Just before it reaches the Golden State Freeway and Six Flags Magic Mountain, the river once again flows year-round--with waste water from a Los Angeles County sewage treatment plant.

This bucolic and natural-looking reach of the river may be in the most imminent danger. It is here that Newhall Land, the largest of the river’s owners, envisions building the cities of the future as soon as economics and politics allow.

Even though the source of river water is artificial, it nourishes native flora and nurtures nesting birds--including the least Bell’s vireo, an endangered songbird. The area looks much as it did 200 years ago when Father Crespi described “a good extent of very good, very grassy soil alongside the stream . . . with a great many cottonwoods, willows, many live oaks, grapevines and rosebushes.”

Founded in 1878 when Henry Mayo Newhall began cultivating corn, flax and alfalfa on 500 acres, Newhall’s empire encompasses 22,000 acres in Los Angeles County and 15,000 in Ventura County--a vast saddle-shaped piece of land stretching from Santa Clarita to east of Fillmore.

Although Newhall still operates citrus orchards and raises cattle on much of that land, the company believes that its future profits lie in building suburbs, which company officials say will require sheathing most of a 12-mile segment west of Santa Clarita in concrete.

Advertisement

For Mark Subbotin, one of Newhall’s senior planners, the river valley is a blank canvas primed for the developer’s brush.

Already the company’s development wing--Valencia Co.--has built hillsides full of houses, a regional mall and a 14,000-employee industrial park upriver.

The developer’s Valencia master plan calls for such comforts of suburbia to flow down the valley to the county line and beyond.
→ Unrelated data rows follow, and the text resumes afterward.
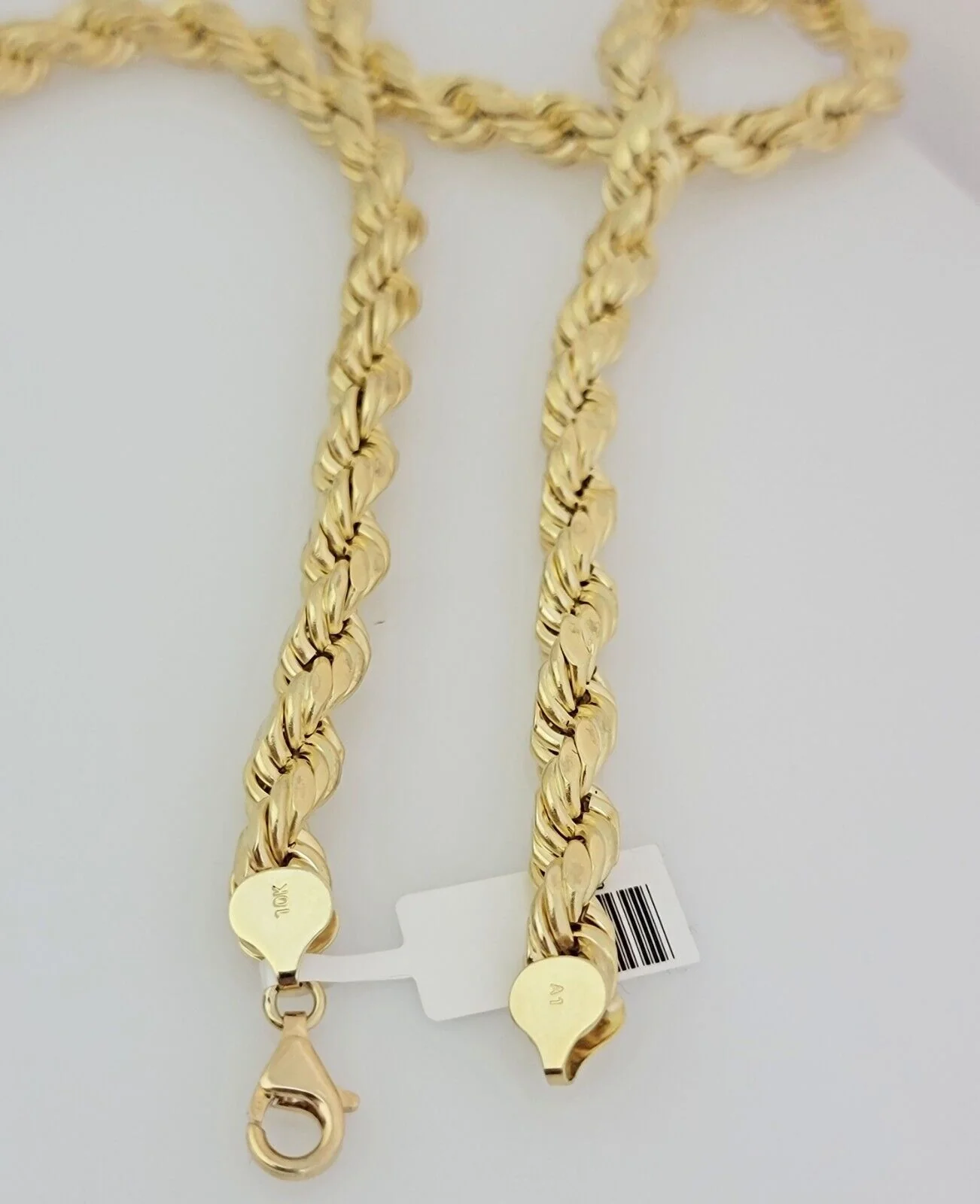 10K Yellow Gold Rope Chain Necklace 8mm 24 Inch REAL 10kt Diamond Cuts For Mens - Image 4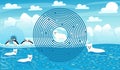 Arctic landscape and circle maze for kids with cute polar bears, puffins characters and ingloo, help to find right way Royalty Free Stock Photo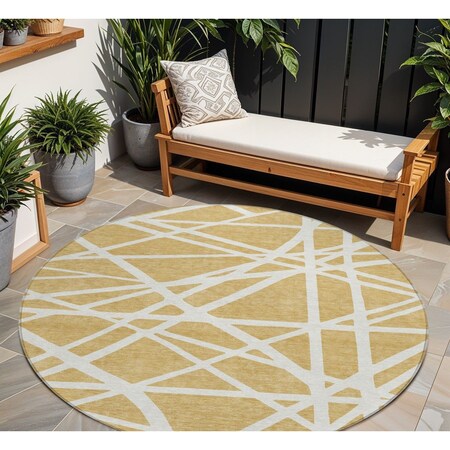 Homeroots 8' Gold And Ivory Round Geometric Washable Indoor Outdoor Area Rug 600452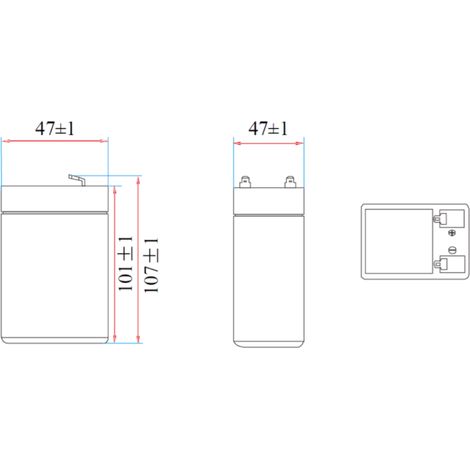 Batterie rechargeable au plomb 4V 4Ah - VELAMP - 23719 (1/3)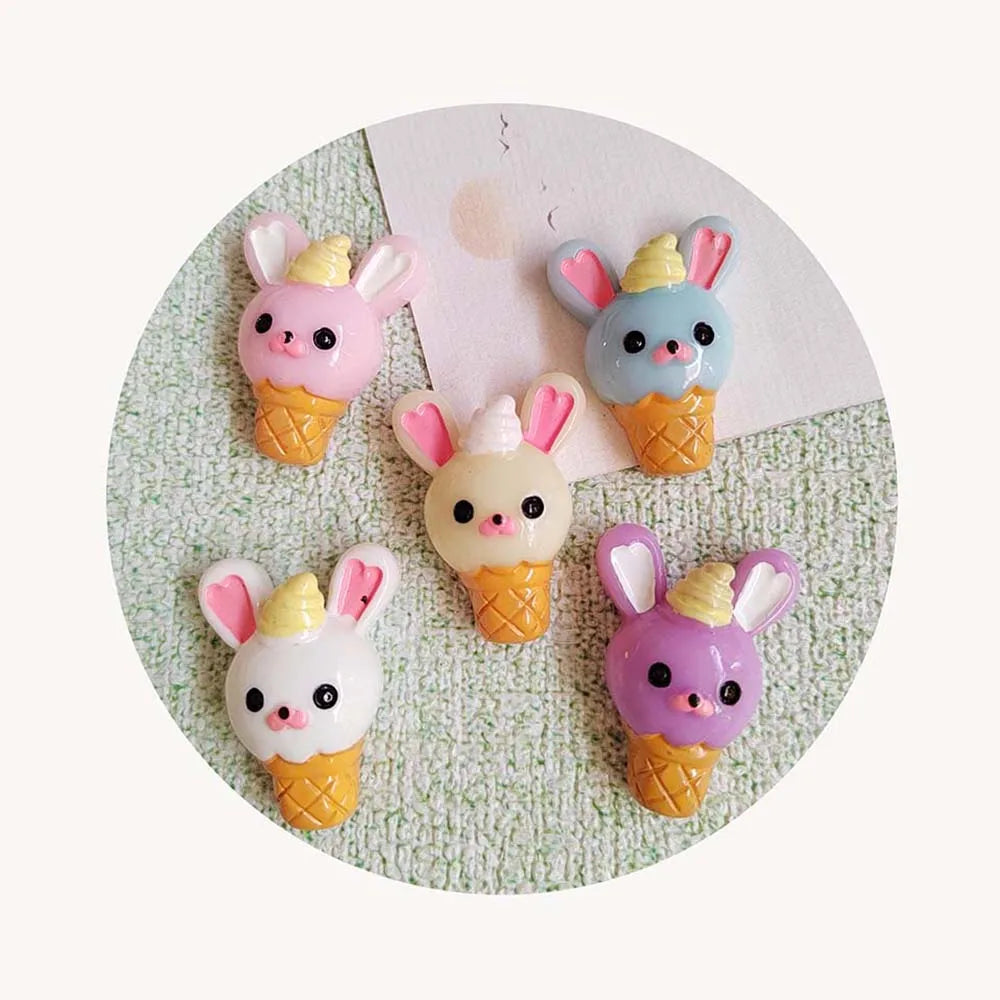 100pcs Cute Resin Mini Cartoon Cabochon Flat Back Rabbit Bear Ice Cream Flatbacks Slime Art Supplies Fit Phone Deco Parts DIY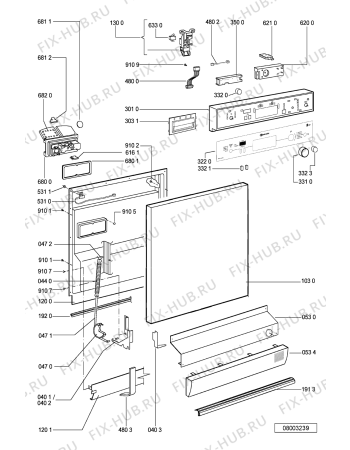 Схема №1 GSFK 1584 WS с изображением Панель для посудомоечной машины Whirlpool 481245372305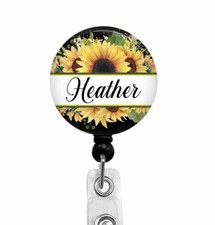 LVN BSN RN Nurse Personalized Retractable Badge Reel With Sunflowers, T32B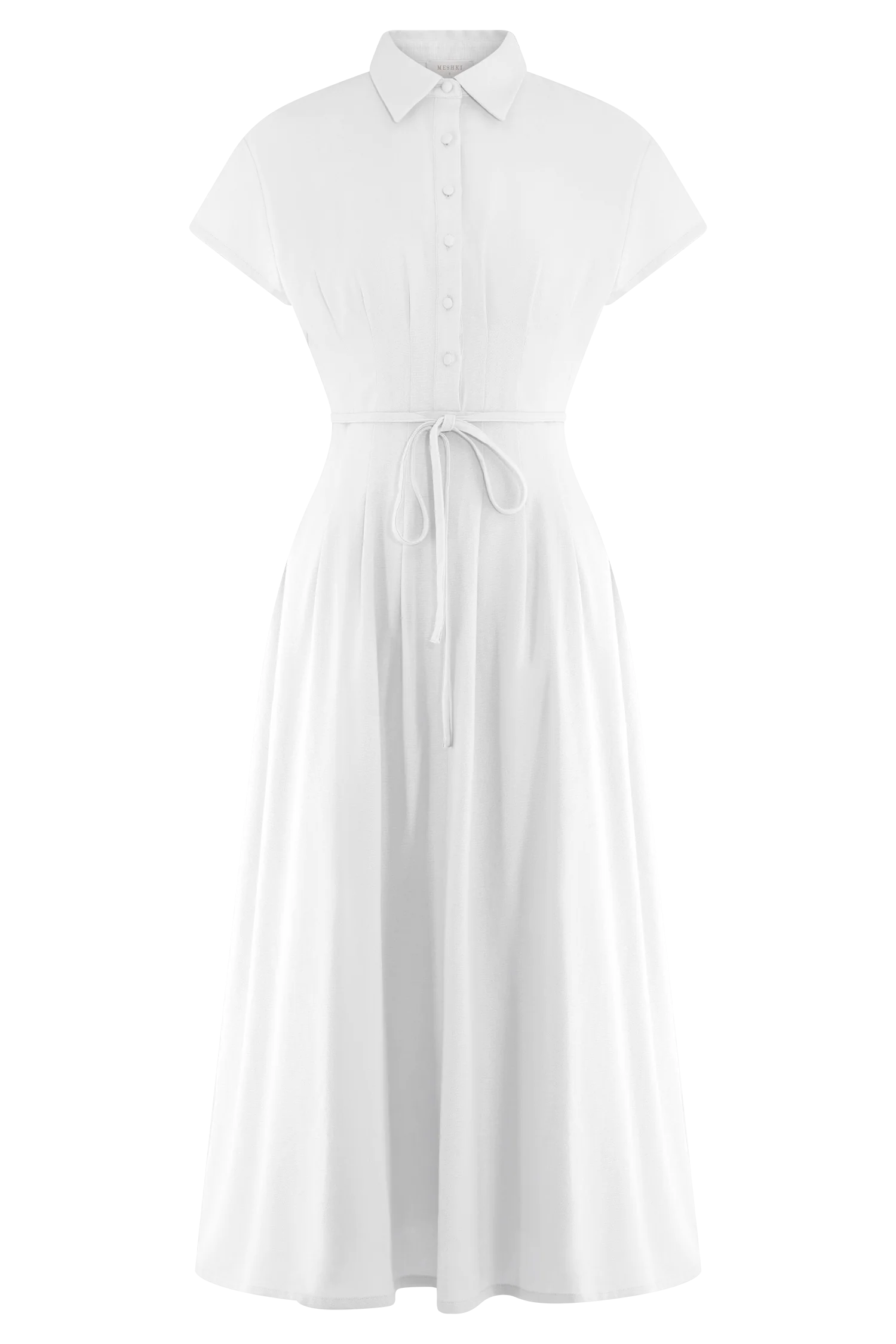 Aysha Buttoned Linen Midi Dress - White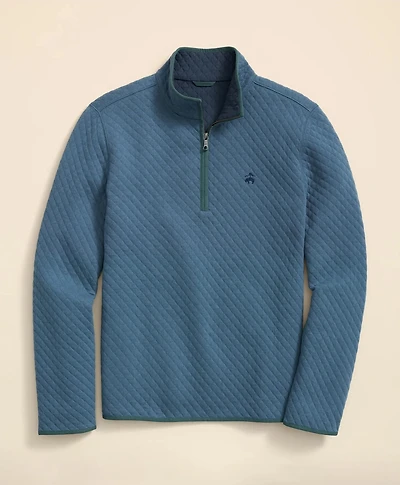 Diamond-Quilted Half-Zip Cotton Blend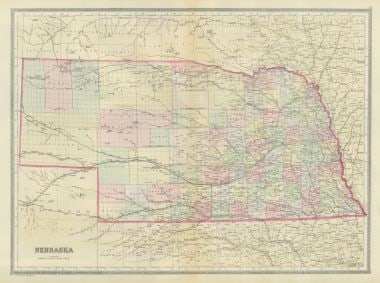 Nebraska: Title: Nebraska Publication Date: 1886 Author: BRADLEY, WM. M. & BRO. Publisher: WM. M. BRADLEY & BRO. Publishing Info: Detailed with railroads named. With leaf of gazetteer data. Reserve: $50.00 Ship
Plans include five small commercial centers and a large retail shopping district. The north bank of the river would become an industrial area, the south would accommodate thousands of houses.

“That’s where we hope we’re headed, and we hope we can prove to others by what we’ve done that that’s what should happen,” Subbotin said.

Another plan for 17 miles of the river in Ventura County, being assembled by Westlake Village developer Don Mallas, would fill the riverbed with more than 10,000 houses, as well as shops and offices, but preserve the surrounding orchards.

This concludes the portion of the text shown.